Photo: William Warby / Pexels

Gurindervir Singh Clocks 10.09s: India's Fastest Man Ever

For a country that has produced world-beaters in cricket, badminton, wrestling and chess, the 100 metres has always been the one stubborn frontier. India simply did not produce fast men — not at the level that mattered on a global stage. That quiet assumption was shattered on a humid evening in Ranchi when Gurindervir Singh crossed the line in 10.09 seconds, becoming the first Indian to ever dip under the 10.10 mark in the blue-riband sprint. In a sport India has historically watched from the sidelines, the 25-year-old from Punjab has suddenly made the impossible feel close.
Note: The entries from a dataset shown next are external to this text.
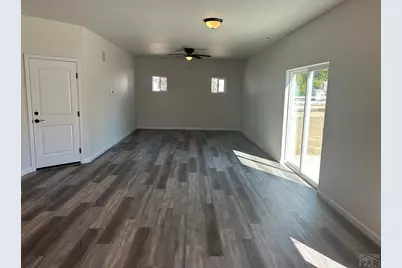 738 S Wolcott Dr, Pueblo West, CO 81007 - Photo 16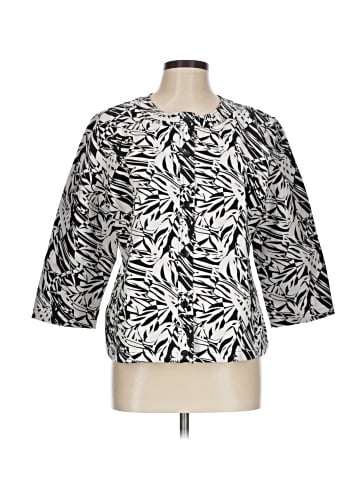 Chico's Jacket (view 1)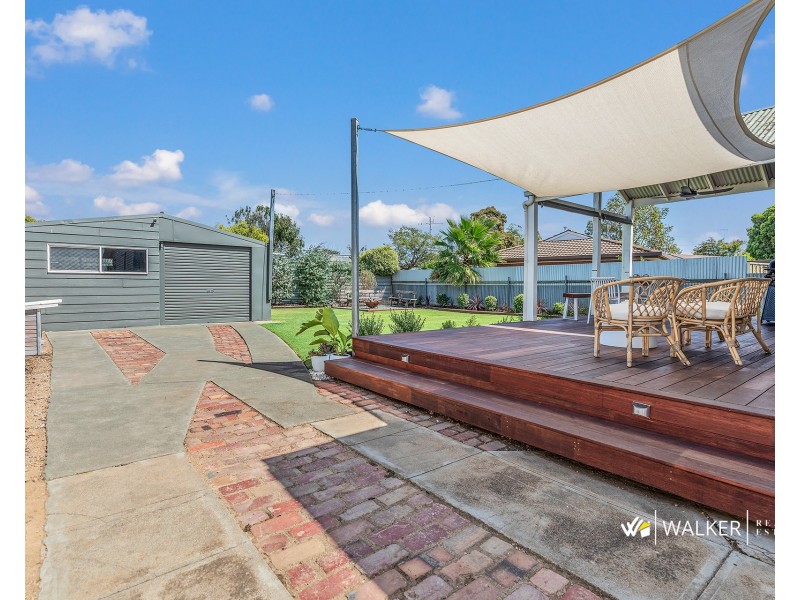 46 Lake Road, Kyabram VIC 3620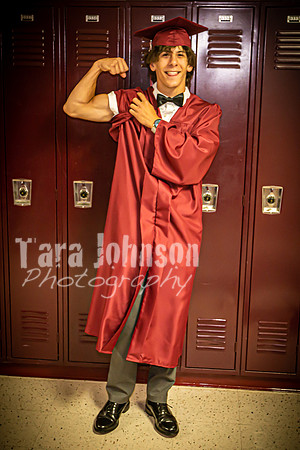 2022 MHS - Candids & Pre-Ceremony - TJP (36 of 110)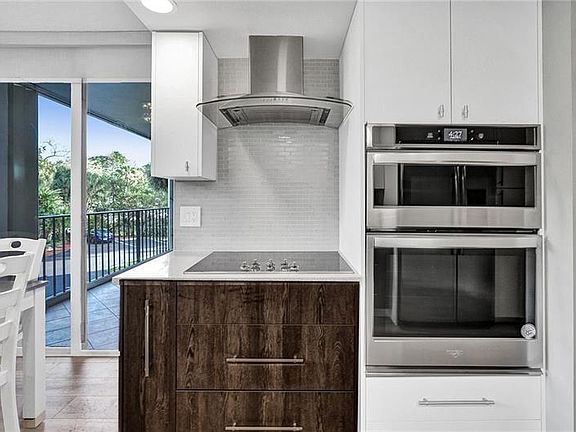 3rd image of 4600 S Ocean Blvd APT 203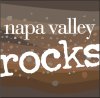 Napa-Rocks-Large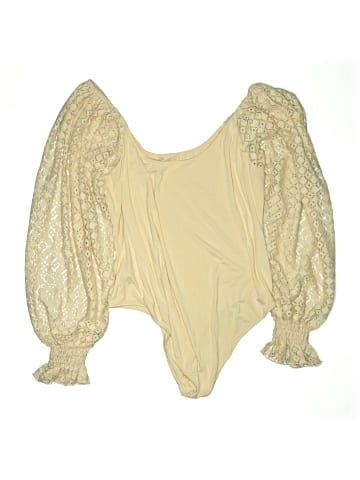 Zeagoo Swimsuit Cover Up (view 2)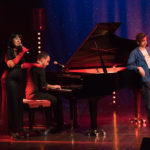 Cabaret Extraordinaire ® Gilles Rammant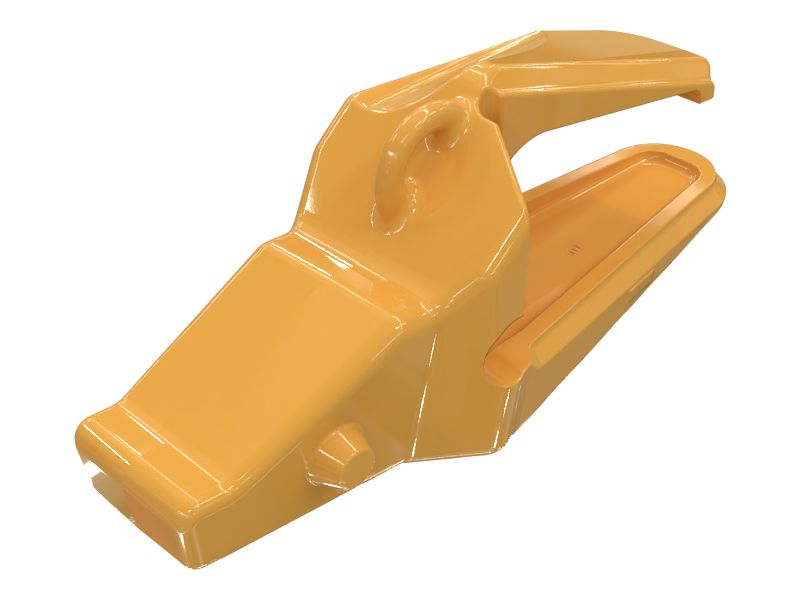 639-3472: Weld-on Advansys 150 2 Strap Adapter Kit - Qty 2 6393472 购买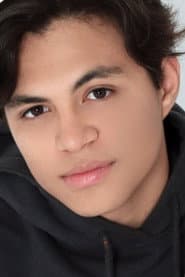 Photo of Alessio Valentini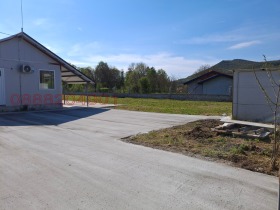 ������� ���� | Imot.bg � ����� ������ 16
Gurindervir Singh Clocks 10.09s: India's Fastest Man Ever
Photo: Tim Gouw / Pexels

A two-day duel that rewrote the record book

The national 100m record is usually a sleepy statistic, nudged forward by a hundredth of a second every few seasons. At the National Senior Athletics Federation Competition 2026 — the Federation Cup — held at Ranchi's Birsa Munda Football Stadium, it changed hands three times inside roughly 24 hours.

The drama began in Friday's semi-finals. Gurindervir Singh first erased Animesh Kujur's existing national mark of 10.18 seconds, set the previous year, by clocking 10.17 in his heat. The celebration barely had time to settle before Kujur answered back in the very next semi-final, ripping off a stunning 10.15 to snatch the record straight back. Two men, two heats, two national records in the space of minutes — Indian sprinting had never seen anything quite like it.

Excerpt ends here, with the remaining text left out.